OKLAHOMA energy segment embraces Bush plan
Saturday, May 19th 2001, 12:00 am
By: News On 6
TULSA, Okla. (AP) _ Stable oil and gas prices, a plus for Oklahoma's energy industry, could result from enactment of President Bush's proposed energy policy, oil and gas producers said Friday.
Environmentalists and Democrats criticized the plan unveiled Thursday, saying it would contribute to global warming and fails to rely on energy conservation. Farmers say the policy doesn't provide much-needed immediate relief from high fuel bills.
Utilities welcomed calls for evaluating the nation's electric transmission system and fuels for generating plants.
The Bush proposal calls for incentives for oil and gas drilling in restricted areas in Alaska and offshore and for economic incentives for enhancing recovery of existing reserves.
Altogether, incentives could encourage more investment in oil and gas drilling, which would help boost supplies and keep prices and industry employment stable, said Dewey Bartlett Jr., president of Tulsa-based Keener Oil & Gas Co.
``The public would not see, and we in the industry would not experience, the extreme highs and lows we've experienced in the last decade,'' Bartlett said.

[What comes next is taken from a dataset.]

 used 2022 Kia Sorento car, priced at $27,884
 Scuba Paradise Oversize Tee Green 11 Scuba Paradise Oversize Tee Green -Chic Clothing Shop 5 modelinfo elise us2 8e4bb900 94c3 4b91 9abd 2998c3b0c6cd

Seesawing prices in the late 1990s scared away investors and oilfield workers, slowing reaction to rising prices while producers searched for cash to fund drilling and contractors tried to recruit crews to man idle rigs.
Banks were leery of lending to explorers they feared would be unable to repay loans when prices were low or gyrating, Bartlett said.
``I think it's good for the industry,'' said Larry Pinkston, chief financial officer at Tulsa-based Unit Corp., an oil and gas producer. ``It opens up a lot more drilling opportunities.''
But environmentalists rejected Bush's call for more drilling in the Arctic National Wildlife Refuge in Alaska and in other sensitive areas. Instead, conservation and the use of alternative energy supplies should be explored to cut demand, they said.
``President Bush is trying to hang a thin veil of energy efficiency over a cesspool of polluter giveaways,'' said Charles Wesner, chairman of the Oklahoma chapter of the Sierra Club.
The plan would not clean up the state's air, prevent energy shortages or save money, he said.
Raising fuel efficiency standards to 40 miles per gallon on SUVs and cars within a decade would curb oil dependence and reduce emissions that contribute to global warming, the Sierra Club said.
The Bush plan makes 105 recommendations. Among them are calls to examine fuel efficiency standards and enact tax credits for energy conservation and development.
The Sierra Club and others say the Bush plan cuts programs for renewable energy development by 37 percent and whittles down energy efficiency research and development by 30 percent.
Bartlett said conservation alone cannot solve the energy crunch without drastic lifestyle changes.
Long-term viewpoints aside, farmers need help now, said Ray Wulf, president of the Oklahoma Farmers Union. During an upcoming harvest, farmers face low grain prices, potential record low yields and high fuel bills.
``It almost puts us in a situation that we can't afford to pull the combine in the field,'' Wulf said. ``We need some relief today.''
Paul Renfrow, a spokesman for the Oklahoma City-based utility, OG&E, said his company welcomed discussions on the future of the transmission grid and power generation.
``The plan probably puts the spotlight on a lot of issues we see everyday, issues truly worthy of discussion,'' he said.